Wall Street's two major short sellers issue a joint warning: If corporate profits are poor, the rise of US stocks will come to an end
The two most pessimistic strategists on Wall Street have warned that if corporate earnings disappoint, the rebound that has driven the U.S. stock market to new highs this year will stall. Despite the S&P 500 repeatedly hitting new records, profit prospects have been weakening, causing increasing concerns for both Morgan Stanley and JP Morgan. Michael Wilson of Morgan Stanley stated that the stock market's rise over the past five months has been driven by looser financial conditions and higher valuations, rather than fundamental improvements. Mislav Matejka of JP Morgan is also worried about the disconnect between earnings expectations and stock prices
According to the Zhitong Finance and Economics APP, the two most pessimistic strategists on Wall Street stated that if corporate earnings disappoint, the rebound that drove the U.S. stock market to set new records this year will stall.

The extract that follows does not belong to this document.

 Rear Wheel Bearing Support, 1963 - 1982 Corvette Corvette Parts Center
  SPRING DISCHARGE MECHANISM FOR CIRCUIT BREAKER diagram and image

Despite the S&P 500 index repeatedly hitting new highs, profit prospects have been weakening, causing increasing concerns for both Morgan Stanley and J.P. Morgan. Michael Wilson of Morgan Stanley stated that the stock market's rise over the past five months has been driven by looser financial conditions and higher valuations, rather than fundamental improvements.
A team led by Wilson wrote in a report: "Further expansion of U.S. stock market valuations may depend on rising earnings expectations. Considering that earnings forecasts for 2024 and 2025 have hardly changed during this period, it is difficult to justify the high valuation levels of the index based solely on fundamentals."
Based on compiled data, profit expectations have been lowered over the past five months, with analysts currently expecting earnings per share to grow by about 9% this year, lower than the 11% expected in early November last year. However, despite the continuous decline in profit expectations, the U.S. stock market has continued to rise due to optimism about potential rate cuts and AI development, and the stronger-than-expected fourth-quarter earnings reports have also been supportive.
Mislav Matejka of J.P. Morgan also expressed concerns about the disconnect between profit expectations and stock prices.
A team led by Matejka wrote in a report: "We are concerned that profit growth may slow down for various reasons. If profit acceleration fails to materialize, this could become a constraining factor."
It is reported that Morgan Stanley and J.P. Morgan are among the most pessimistic major banks on Wall Street. J.P. Morgan expects the S&P 500 index to close at 4200 points by the end of this year, a 20% drop from the recent closing price, while Wilson predicts that the index will fall to 4500 points.
The strategists bearish on the stock market are concerned that the recent gains driven by the "Big Seven" have narrowed. Wilson wrote that the market needs to broaden its scope in order to continue the rebound.
In addition, Lori Calvasina, a capital market strategist at Royal Bank of Canada, pointed out that after reaching new highs, the performance of S&P 500 index constituents has stalled. She wrote: "We still believe that market sentiment is tense and we think the U.S. stock market should have corrected long ago."